- Theatrical release poster
- Hangul: 침범
- Lit.: Invasion
- RR: Chimbeom
- MR: Ch'imbŏm
- Directed by: Kim Yeo-jeong; Lee Jeong-chan;
- Screenplay by: Kim Yeo-jeong; Lee Jeong-chan;
- Based on: Somebody by Kong Se-ri; Youngyoungyi;
- Produced by: Yoon Hye-Jin; Lee Kang-il;
- Starring: Kwak Sun-young; Kwon Yu-ri; Lee Seol;
- Cinematography: Kim Dong-hyuk
- Edited by: Kim Sung-hoon
- Music by: Lee Tae-hyun
- Production company: Studio Santa Claus Entertainment
- Distributed by: Studio Santa Claus Entertainment
- Release dates: October 4, 2024 (BIFF); March 12, 2025 (South Korea);
- Running time: 112 minutes
- Country: South Korea
- Language: Korean

= Somebody (film) =

2024 film by Kim Yeo-jeong and Lee Jeong-chan

Somebody is a 2024 South Korean mystery thriller film written and directed by Kim Yeo-jeong and Lee Jeong-chan, based on the Naver webtoon of the same name. It stars Kwak Sun-young, Kwon Yu-ri and Lee Seol.
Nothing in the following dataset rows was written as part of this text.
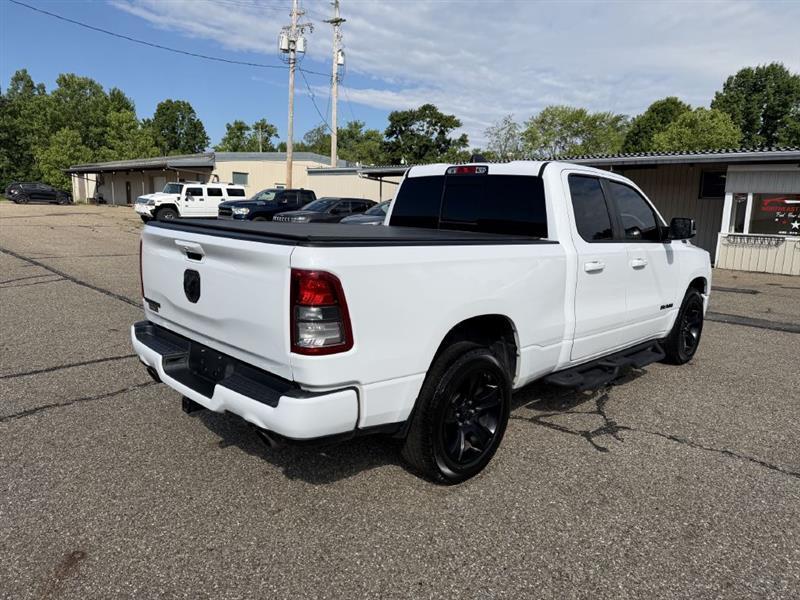 RAM 1500  2022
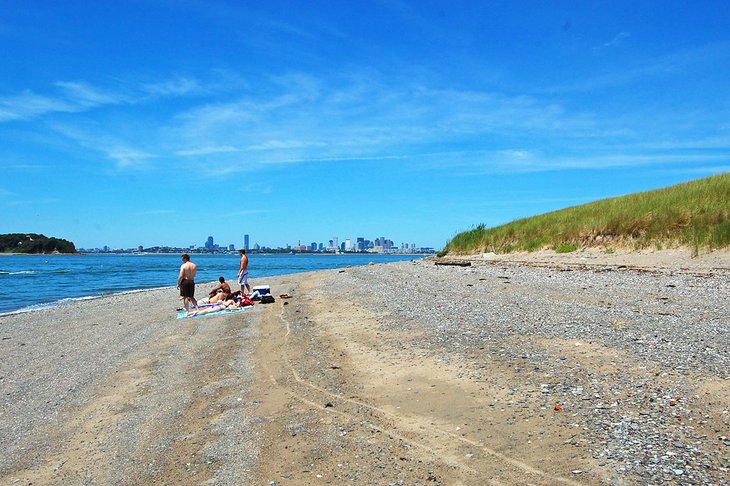 8 playas mejor valoradas en el área de Boston 8 playas mejor valoradas en el área de Boston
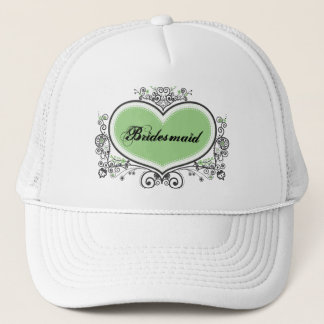 Bridesmaid Trucker Hat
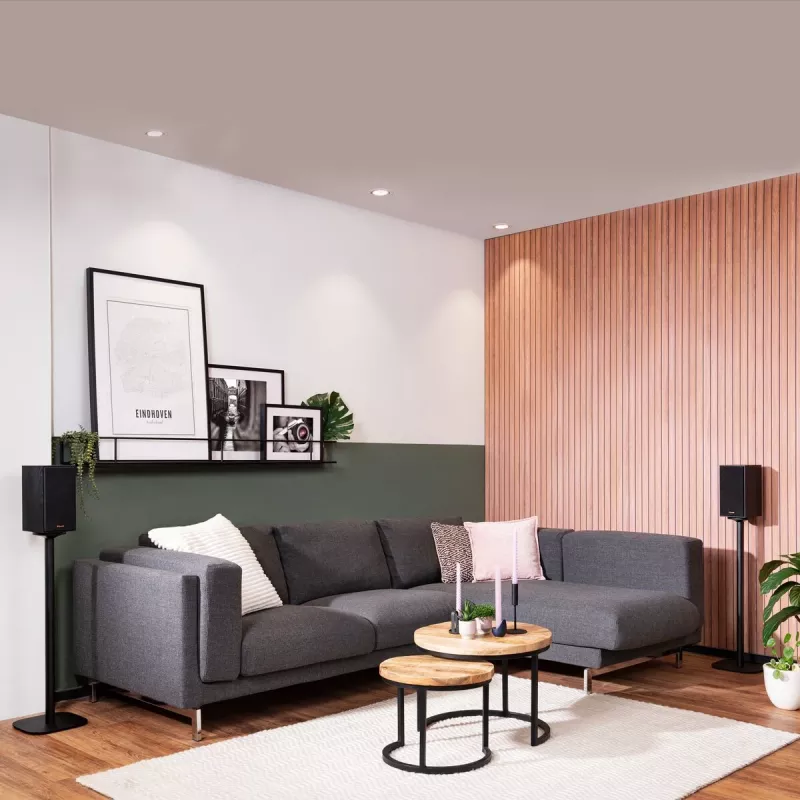 Marmitek Speaker Anywhere 650 – belaidis garsiakalbių prijungimas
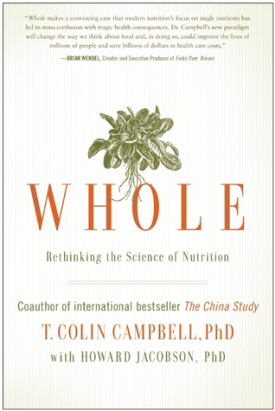 cover of whole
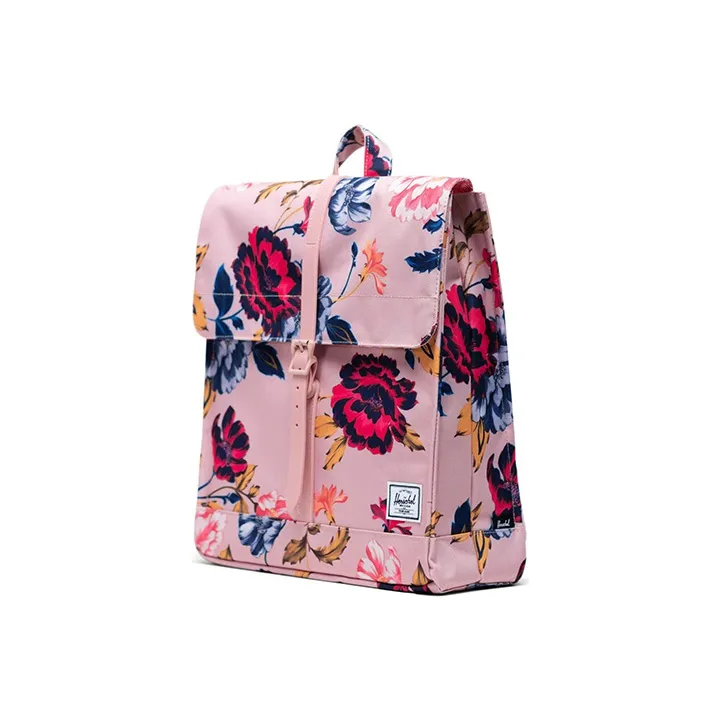 Herschel Polyester Backpack Medium Size Women's Painted Pink-2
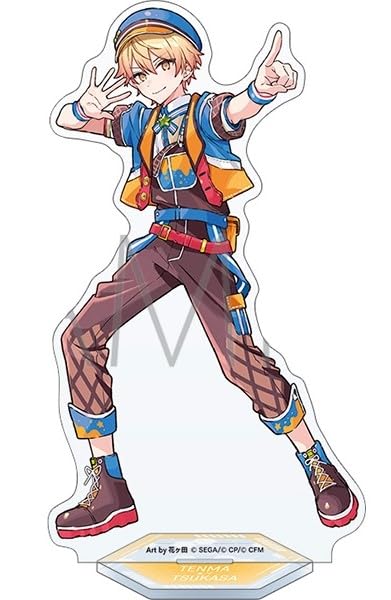 

Tenma Tsukasa Acrylic Stand Wonderlands Showtime 2024 Only Shop Official Merchandise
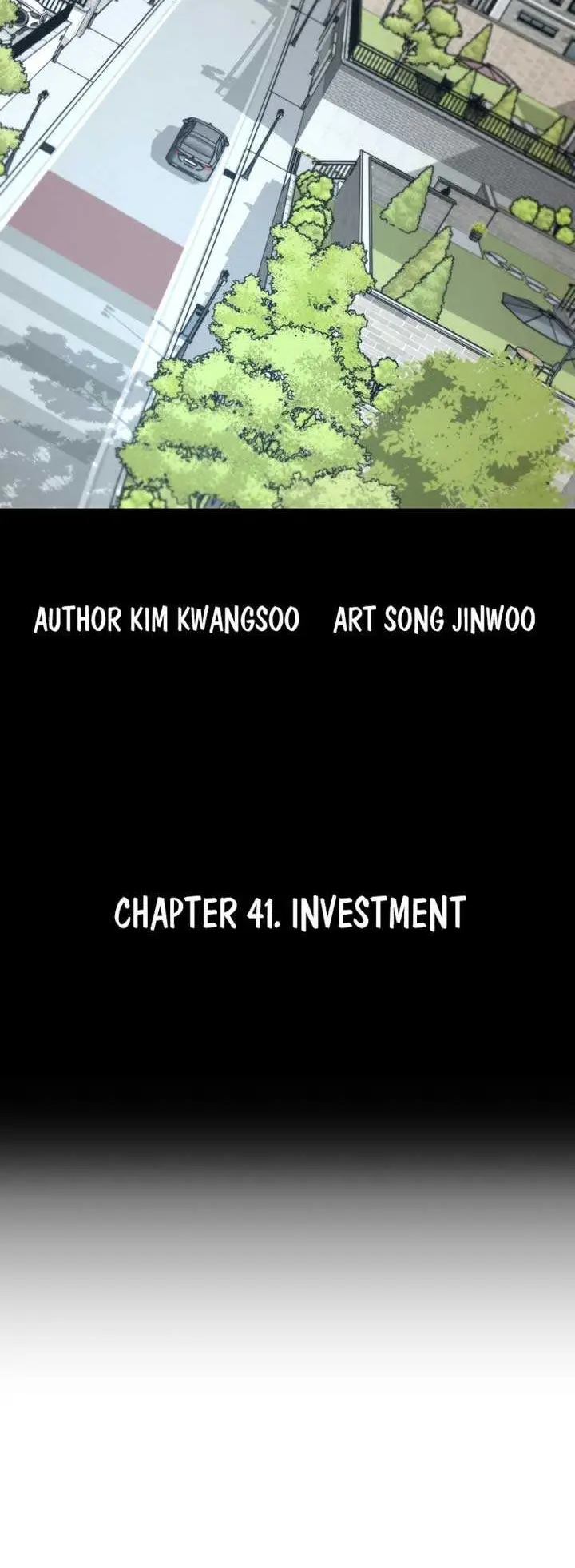 Return of the Legend Chapter 41 Gambar 7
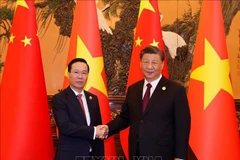 Vietnam considers relations with China as top priority: President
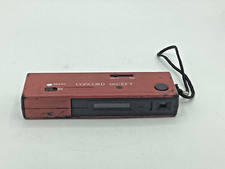 Vintage 1987 Concord 110 CEFT Film Camera with Wrist Strap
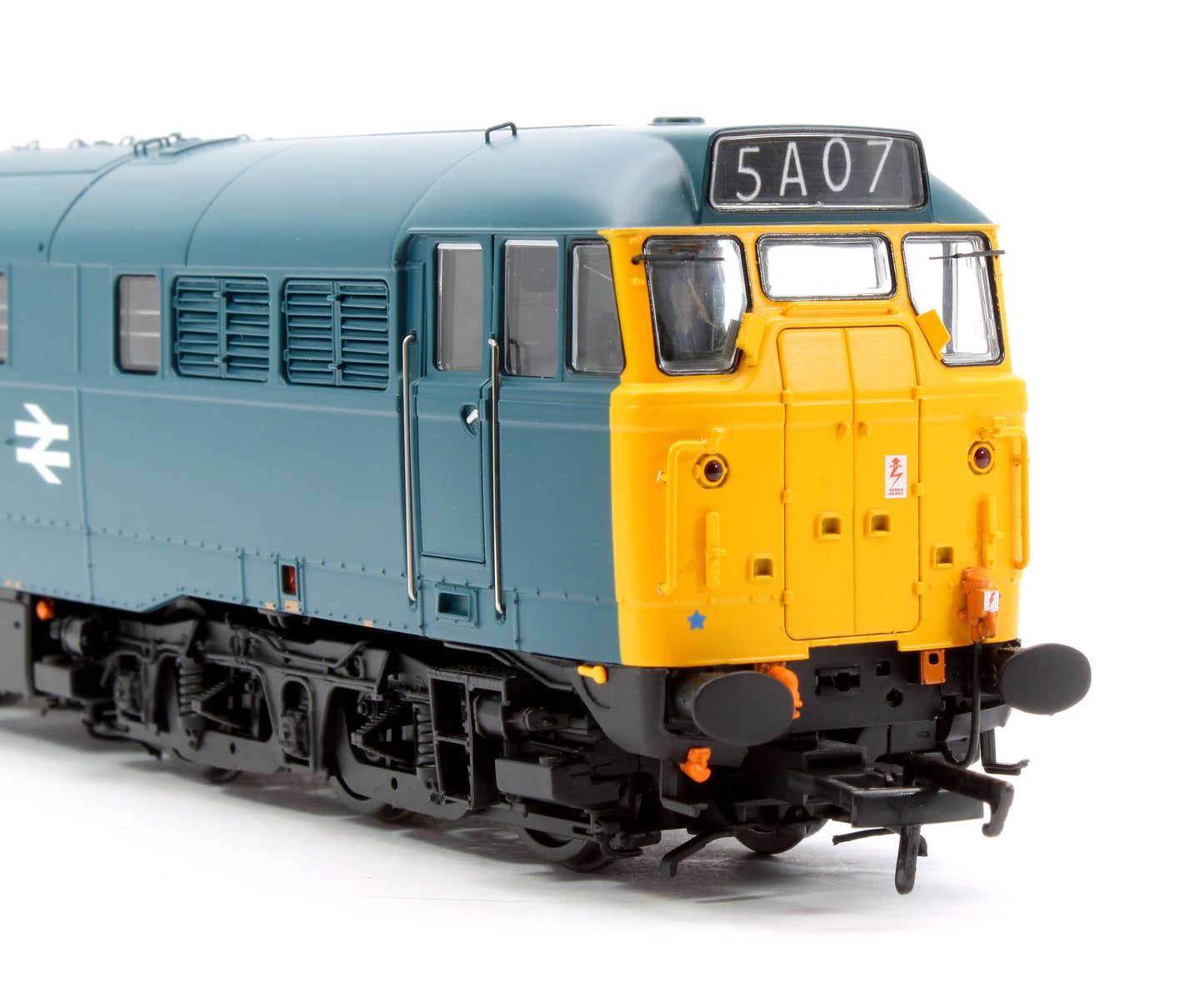 Class 31/4 31402 BR Blue (LU trip cock fitted) Diesel Locomotive (DCC Sound)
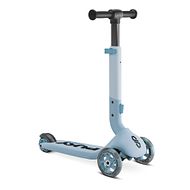 PUSH Scooter mit LED-Bereifung 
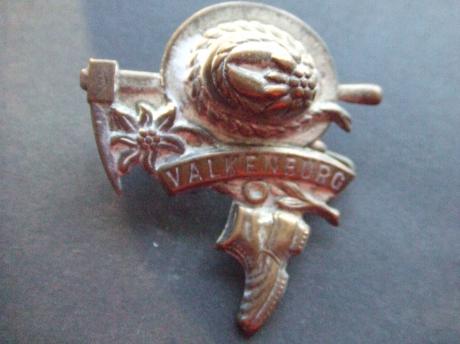 Valkenburg Limburg jagershoed souvenir,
The film had its world premiere at the 29th Busan International Film Festival on October 4, 2024. It was released in theaters on March 12, 2025.

== Plot ==
Young-eun, a single mother, must care for her 7-year-old daughter So-hyun, who exhibits strange behavior. She struggles desperately to stop So-hyun's dangerous actions, but as a result, Young-eun's ordinary life begins to fall apart and So-hyun spirals further out of control.

20 years later, Min, who has lost all memories of her childhood, works for a crime scene cleanup company. One day, Hae-young, a cheerful-faced intruder, suddenly appears before her. As Hae-young casually wedges herself into the routine life Min has built, she begins to feel a strange sense of unease.

== Cast ==
- Kwak Sun-young as Yeong-eun
- Kwon Yu-ri as Kim Min
- Lee Seol as Hae-yeong
- Gi So-yoo as Kim So-hyun
- Shin Dong-mi as Choi Hyun-kyung

== Production ==
=== Development ===
The film was developed under the working title Mist, and produced by Studio Santa Claus Entertainment.

=== Casting ===
In 2023, Kwak Sun-young, Kwon Yu-ri and Lee Seol were reportedly cast to appear.

=== Filming ===
Principal photography of the film commenced in November 2023, and filming ended in January 2024.

== Release ==
Somebody premiered at the 29th Busan International Film Festival in Korean Cinema – Panorama section on October 4, 2024. The film was also premiered in 'Spotlight on Korea' category at 45th Hawai'i International Film Festival on 13 October 2024. It was shown in the 'Festival Favorites' section at 4th Red Sea International Film Festival on December 8, 2024. It was released theatrically on March 12, 2025, in South Korea.